• [PROBLEM]:
Below this line is a listing that includes pictures. Copy exactly, and only, the lines from the one containing "Good American Oversized" through the one containing "Vitrine 2 portes"; the pictures do not go in the copy.

• [RECORD EXCERPTS]:
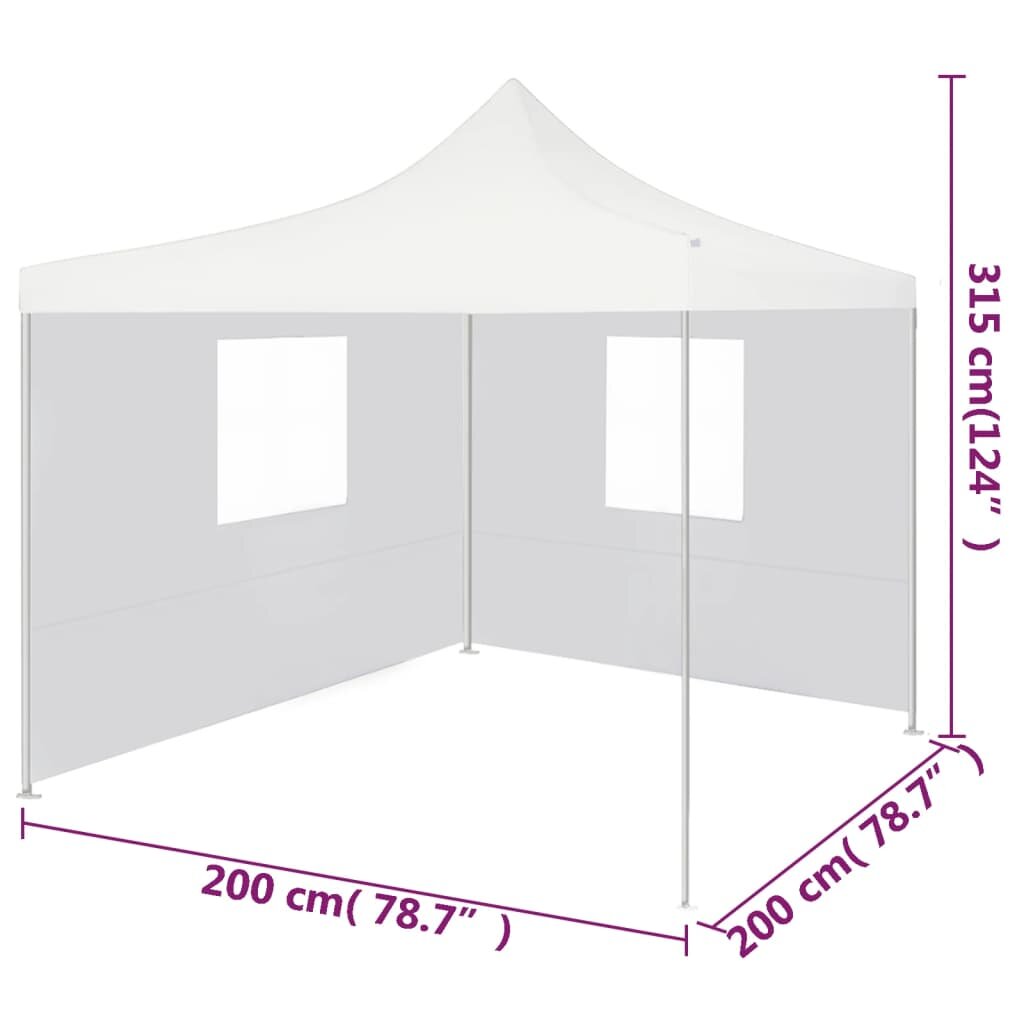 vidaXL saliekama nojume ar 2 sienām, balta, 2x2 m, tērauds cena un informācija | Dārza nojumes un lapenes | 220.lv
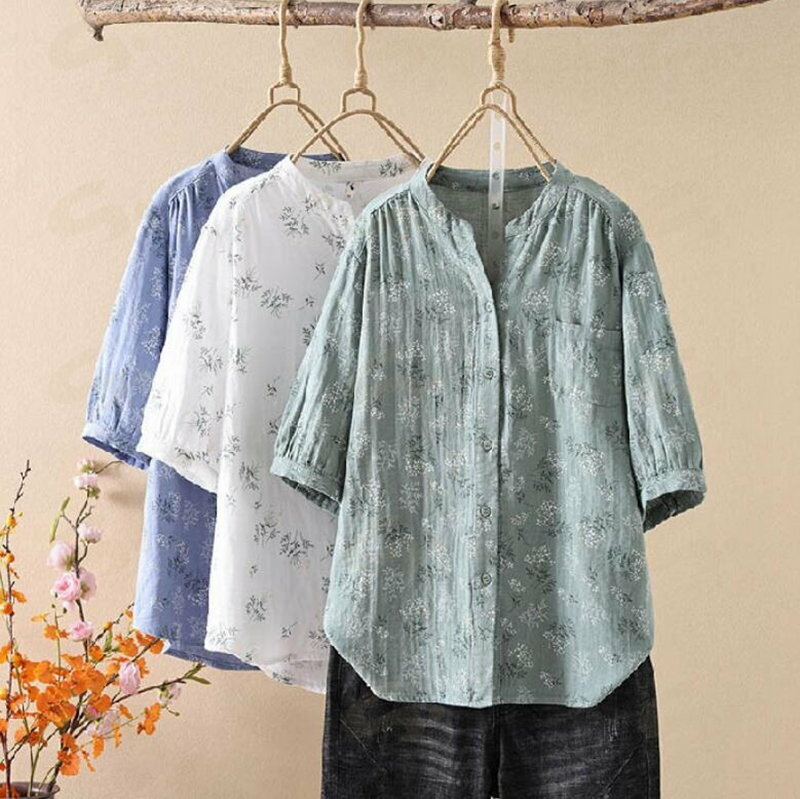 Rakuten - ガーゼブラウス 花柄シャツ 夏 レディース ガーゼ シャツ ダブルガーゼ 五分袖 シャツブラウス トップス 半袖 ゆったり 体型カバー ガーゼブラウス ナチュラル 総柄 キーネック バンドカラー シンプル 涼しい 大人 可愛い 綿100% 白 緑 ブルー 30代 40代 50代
--
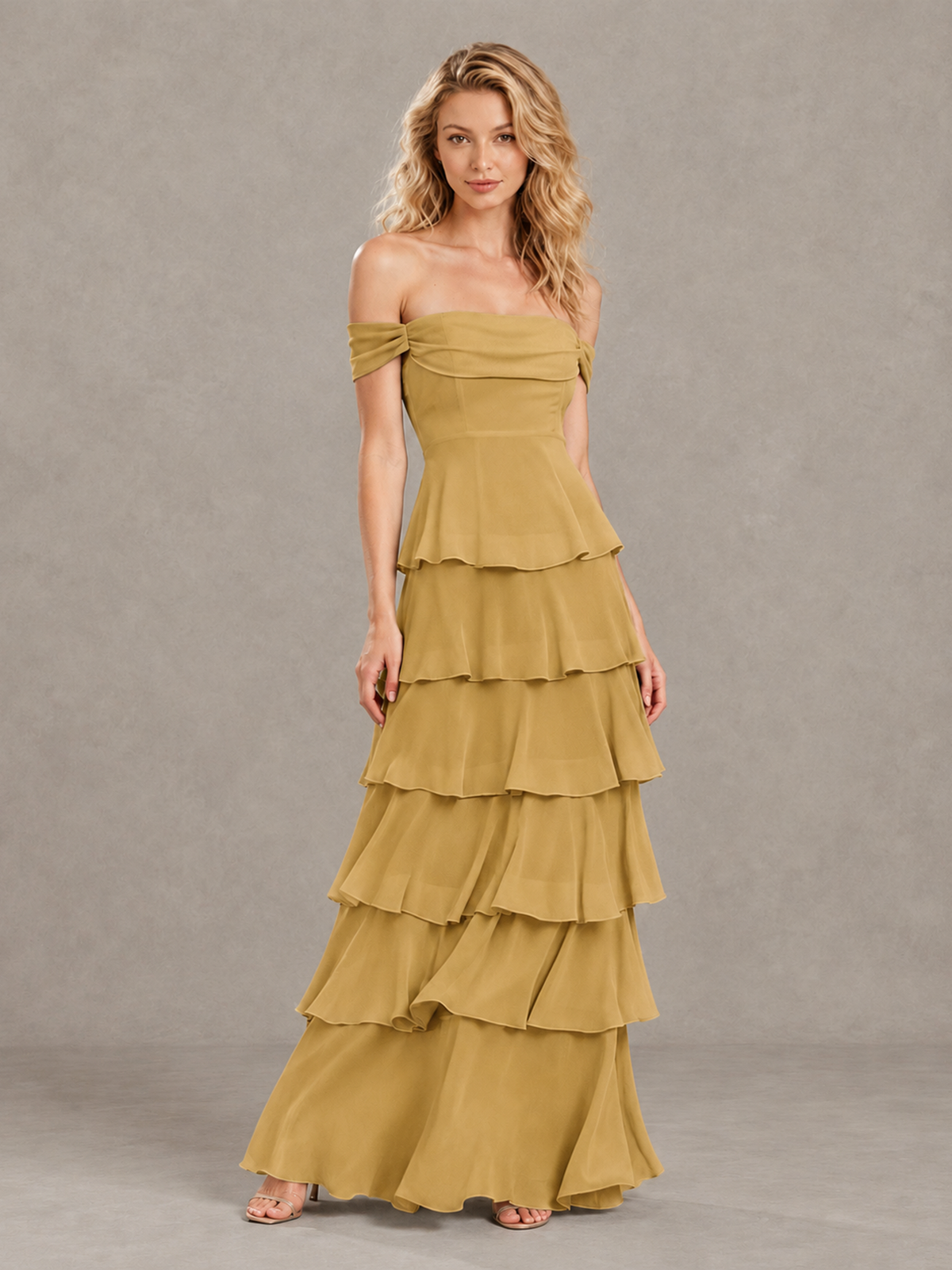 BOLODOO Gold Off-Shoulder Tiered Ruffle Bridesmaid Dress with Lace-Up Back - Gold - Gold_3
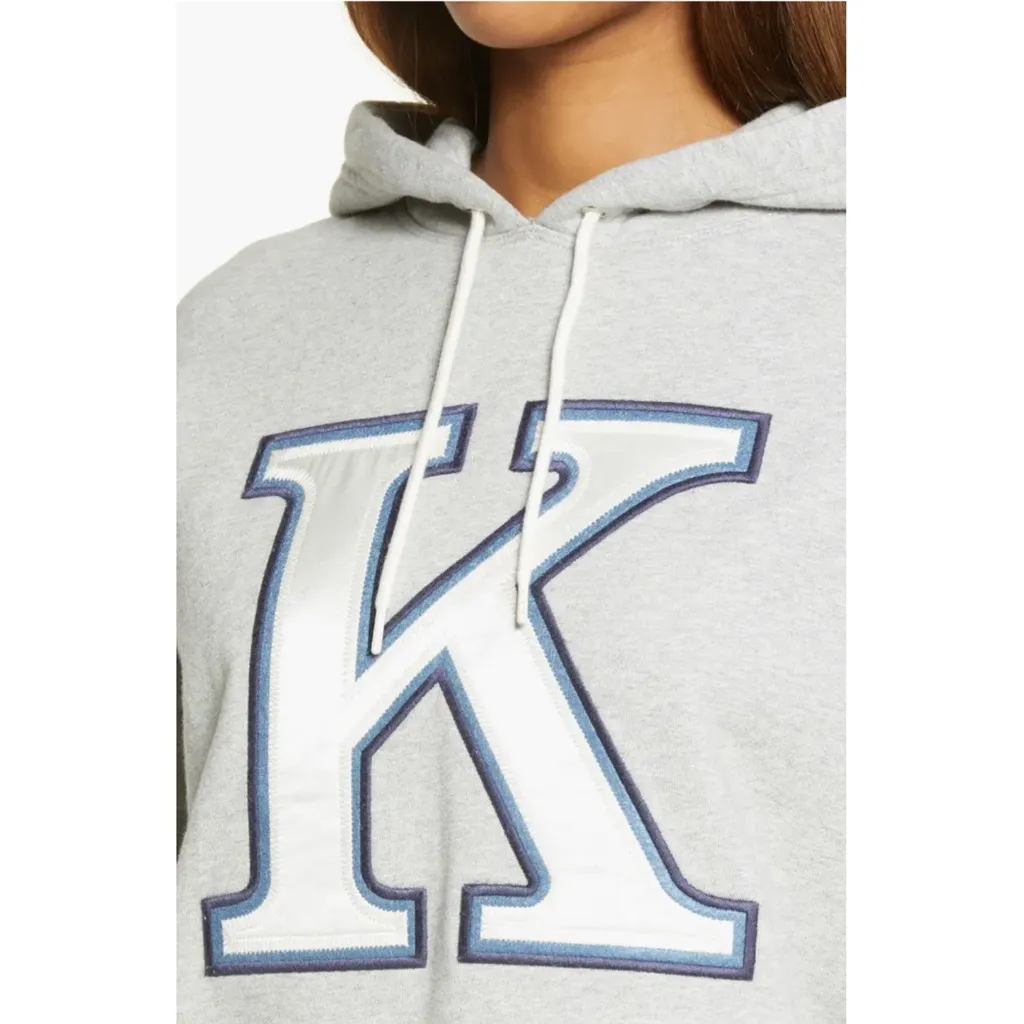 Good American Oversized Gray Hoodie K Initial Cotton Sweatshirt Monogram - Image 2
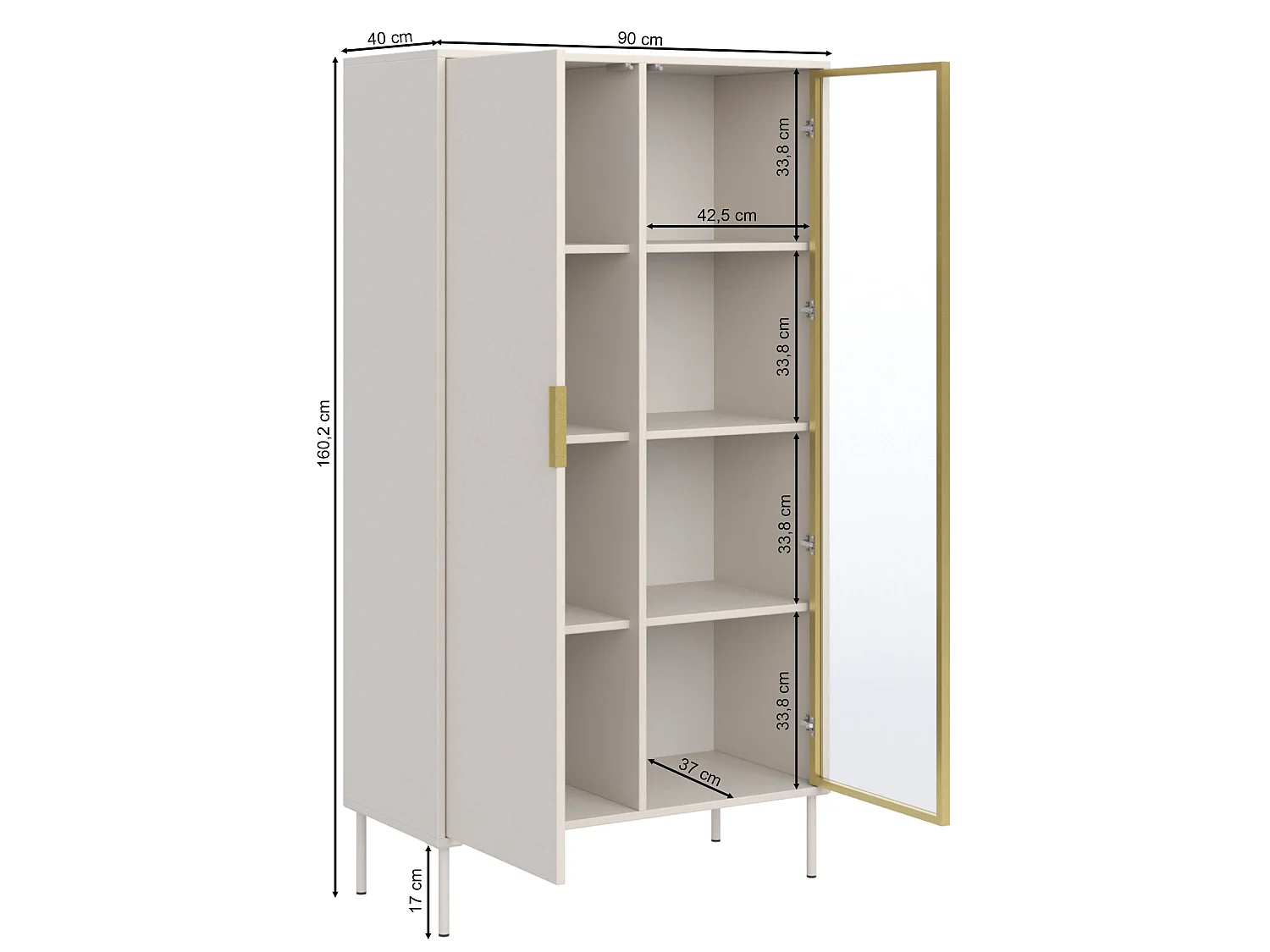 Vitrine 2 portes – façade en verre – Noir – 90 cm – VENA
* * *
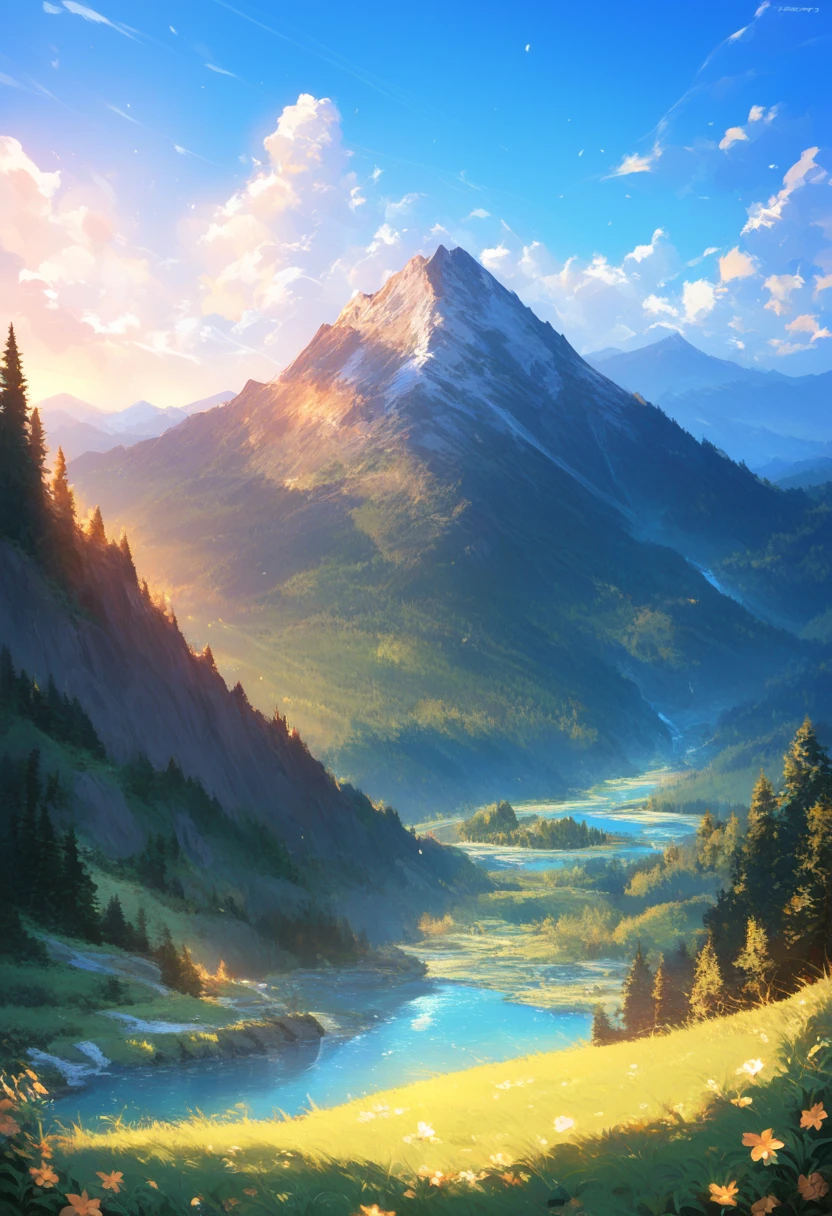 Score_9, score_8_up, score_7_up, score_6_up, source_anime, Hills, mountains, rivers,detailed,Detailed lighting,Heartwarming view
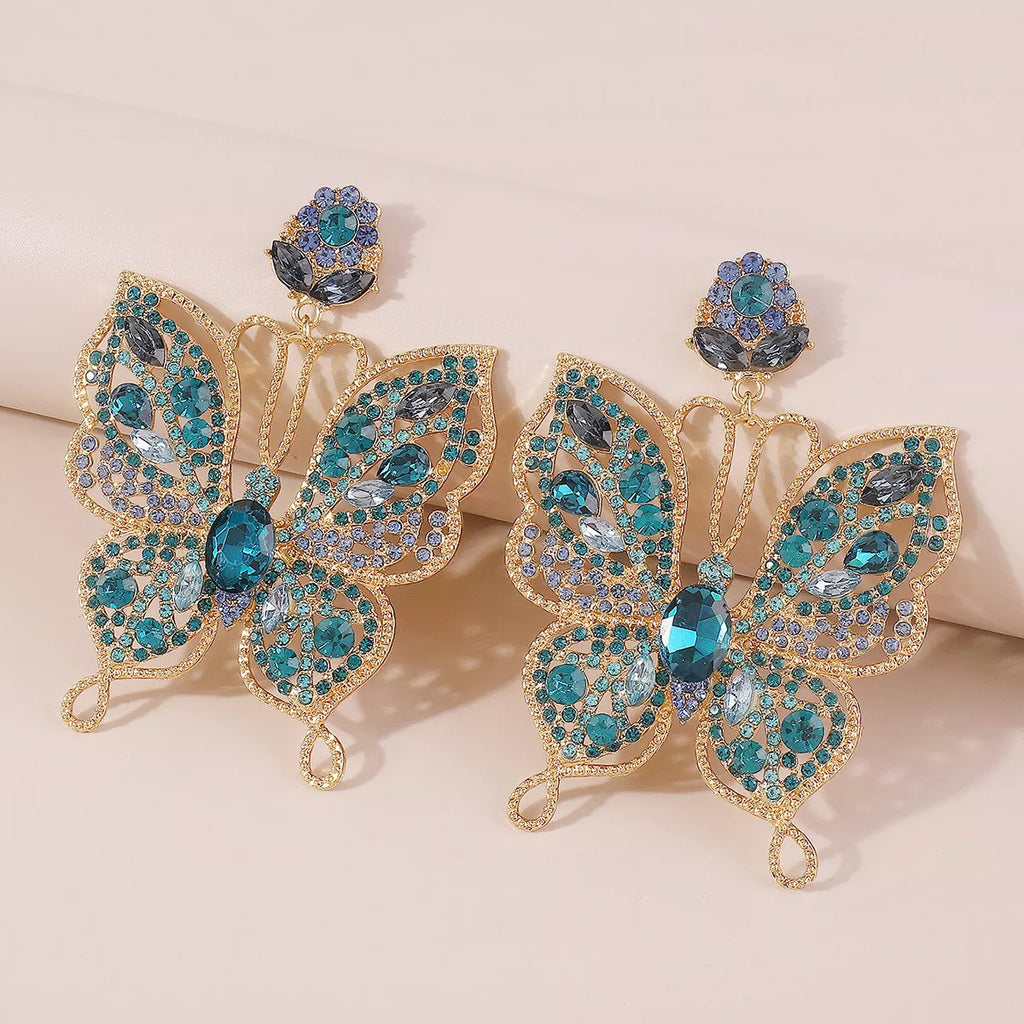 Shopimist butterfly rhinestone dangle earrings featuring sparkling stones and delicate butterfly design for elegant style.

• [TASK OUTPUT]:
 Good American Oversized Gray Hoodie K Initial Cotton Sweatshirt Monogram - Image 2
 Vitrine 2 portes – façade en verre – Noir – 90 cm – VENA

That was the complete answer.